Comment 8 Jakub Jelinek 2013-11-18 19:58:44 UTC
For hosted linux --enable-libstdcxx-time can work just fine, just use it.
But, such a change isn't desirable for the branch, e.g. because the fancy checks require link tests which aren't usable for some bare metal configurations, might not be the right thing for Solaris or whatever else, etc.
=auto has been introduced exactly to get some reasonably safe defaults automatically by default.  So, if you want to change anything on the branch, supposedly it would be partial backport of the =auto stuff, but only limit it to the most commonly tested targets or something.  Still, I'd say it is better to just tell people who want it to --enable-libstdcxx-time themselves if they want.
In the past it has been ABI incompatible option, now hopefully is not.
Comment 9 Andy Lutomirski 2013-11-18 20:03:01 UTC
Given that this is C++11-only, it's already fixed on trunk, it's only a performance issue (as opposed to correctness), and it's more complicated than just changing the default, I won't argue for a backport.

From my perspective, feel free to close this.
Comment 10 Paolo Carlini 2013-11-18 20:15:56 UTC
Ok, thanks.
Comment 11 Jonathan Wakely 2013-11-19 00:15:54 UTC
(In reply to Andy Lutomirski from comment #5)

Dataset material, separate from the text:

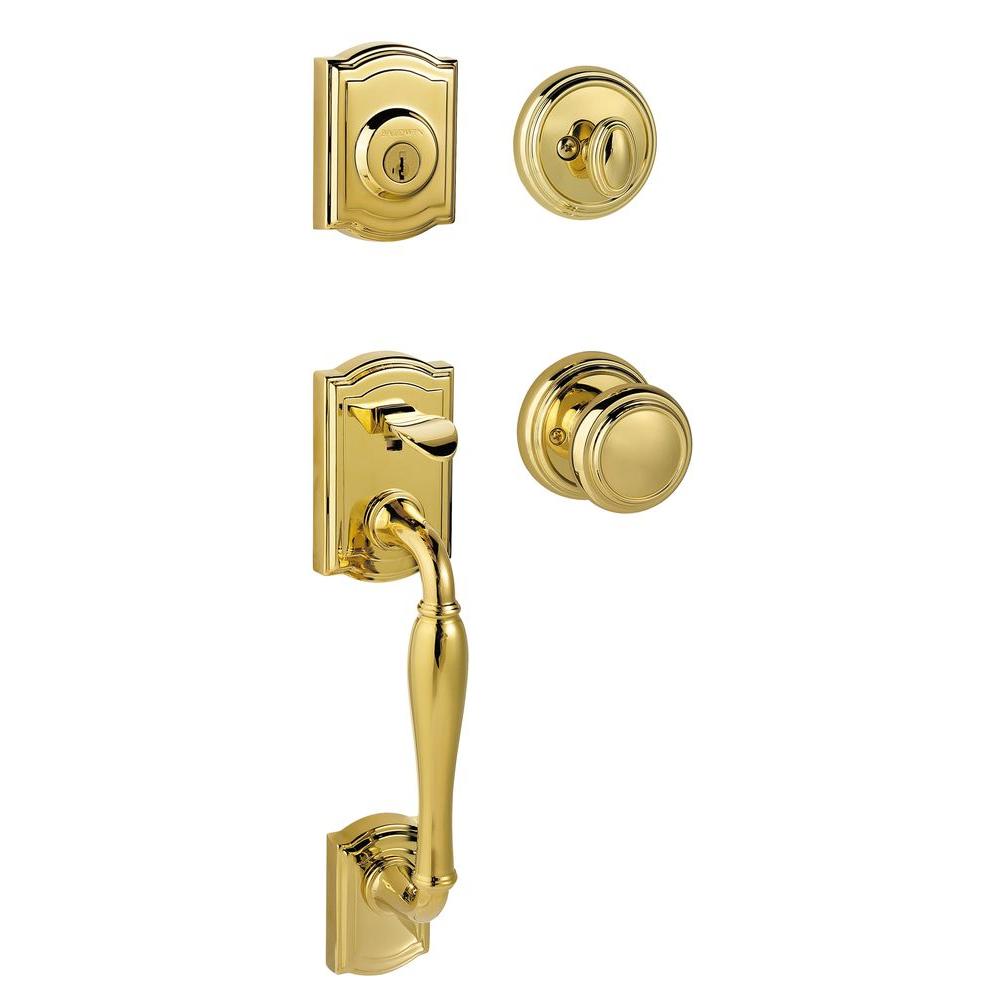 Marks Usa Polished Brass Knob With Double Cylinder Deadbolt 22ac 3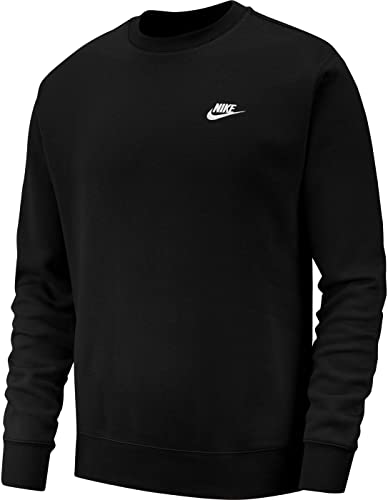 Nike Herren M NSW CLUB CRW BB 804340 Long Sleeved T-shirt, schwarz (black/White), XXL von Nike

> # For clock_gettime, nanosleep and sched_yield support.
> # NB: The default is [no], because otherwise it requires linking.
> GLIBCXX_ENABLE_LIBSTDCXX_TIME([no])
> 
> Aside from the typo in the comment (the end of the sentence seems to have
> disappeared),

No, the sentence is complete. Comment 8 explains that we don't want to do tests that require running the linker for the default configuration, because that's not possible for bare metal targets.
Comment 12 Andy Lutomirski 2013-11-19 00:45:08 UTC
D'oh!  I assumed that "it" was the resulting library (and thus that it would require linking *against librt*), not that "it" was the configure test.